The class of polyphenolic antioxidants known as anthocyanins are what give red, purple and blue fruits and veggies their color. “Anthocyanins are one of the exciting polyphenolic compounds we’ve been studying in our laboratories looking at brain function, dementia and aging,” says James Joseph, Ph.D., director of neuroscience laboratory for the USDA Agricultural Research Service at Tufts University, Boston.
“Anthocyanins as part of a food matrix appear to get across the blood brain barrier better than isolated flavonoid fractions (in) a pill or an extract,” Joseph adds. “There may be specific receptor sites for anthocyanins and other polyphenols in the brain.”
"Demand for superfruit ingredients has grown rapidly, and these extracts offer beverage manufacturers a way to add antioxidant activity and other healthful properties to their finished products," says George Pontiakos, president and CEO of BI Nutraceuticals (www.binutraceuticals.com), Long Beach, Calif.
Perhaps the best bellwether of interest for these nutraceutical-rich juices is the new pomegranate blueberry juice from Minute Maid (www.minutemaid.com), Houston. Targeting mental performance (“Help Nourish Your Brain”), it completes the trend trifecta by including 50mg of Martek Biosciences life’sDHA omega 3 per 8-oz. serving.
It’s not just fruits. Tomatoes — the main and most familiar source of lycopene — played a big part of the red fruit revolution, drawing some of the earliest attention to the part color plays in nutrition. So much so we also have to add the new crops of colorful carrots in purples, reds and yellows, as well as arrivistes such as scarlet sweet corn, bred with added anthocyanins, to the edible rainbow revolution.
Mintel International Group Ltd.’s (www.mintel.com) Global New Products Database forecasts continued action in what it terms "Amazonia" — products and ingredients sourced from Brazil and the rainforest. For example, launches of foods containing açaí and cupuaçu grew by more than 70 percent in the first half of 2007, according to the research group. In fact, as many açaí and cupuaçu beverages were introduced in the first half of 2007 as in all of 2006.
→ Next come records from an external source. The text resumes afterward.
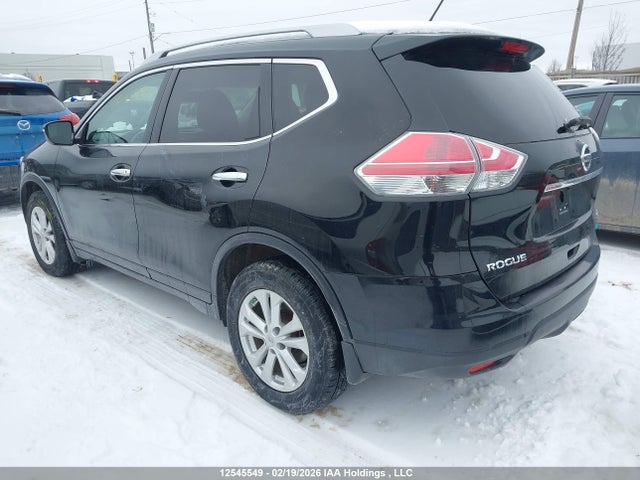 Aukcja sprzedaży 2015 Nissan Rogue S/sl/sv, vin: 5N1AT2MV2FC763816, numer aukcji: 12545549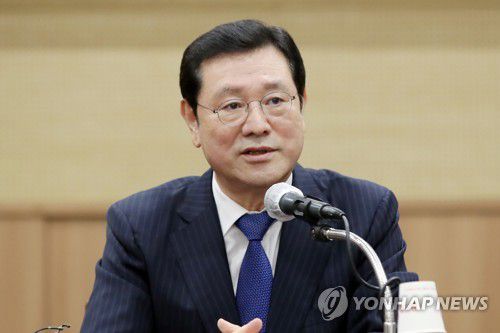 이용섭 광주시장[연합뉴스 자료사진]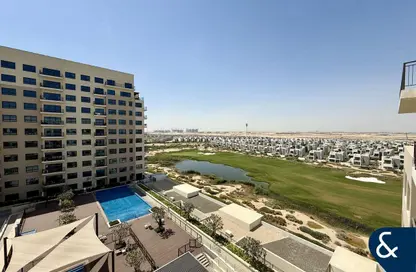 Apartment - 2 Bedrooms - 2 Bathrooms for rent in Golf Views A - Golf Views - EMAAR South - Dubai South (Dubai World Central) - Dubai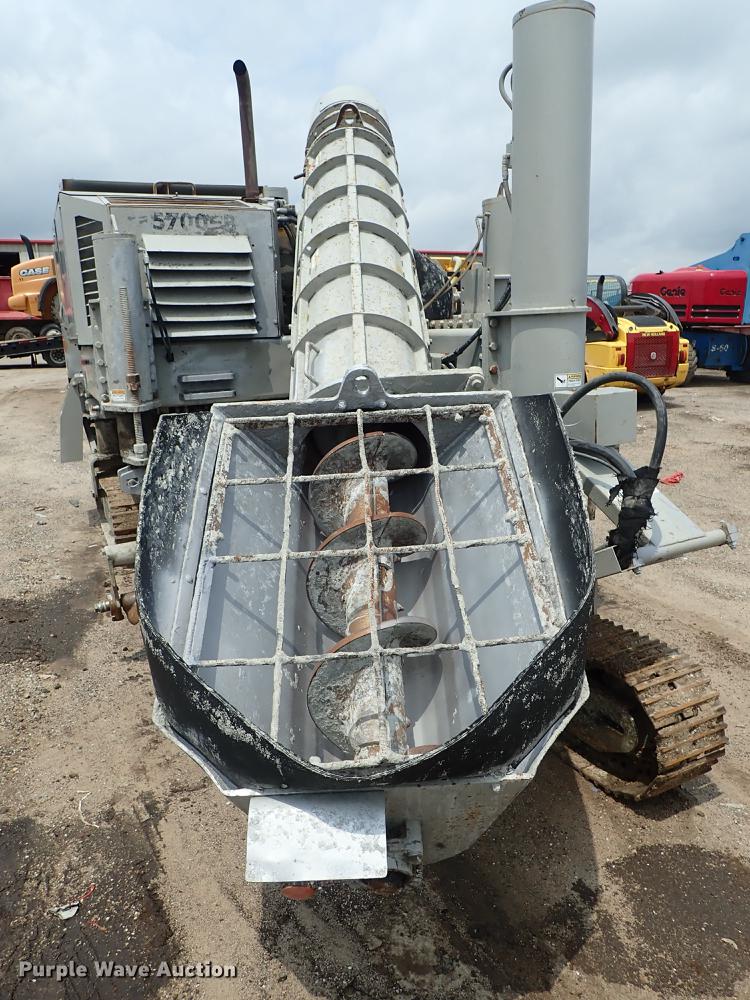 image for item DF1141 Power Curber 5700-B curb machine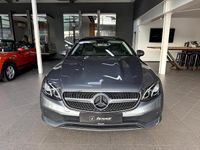Gebraucht Mercedes E200 Avantgarde 184 PS (135 kW) 2017 Grau metallic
Açai, the exotic Amazon berry that was the top-trend ingredient of 2006, spent last year popping up in multiple products, especially food (as opposed to bars and beverages). “We introduced North Americans to açai seven years ago, offering açai in a frozen pulp pack and as a powdered supplement to the natural foods industry,” says Laura Leinweber, director of communications of Sambazon (www.sambazon.com), San Clemente, Calif. “A year and a half ago we entered conventional grocery stores and are now offering product lines of açai in organic bottled juices, sorbets and smoothies.” The ingredient also is appearing in instant oatmeal formulations and RTE cereals.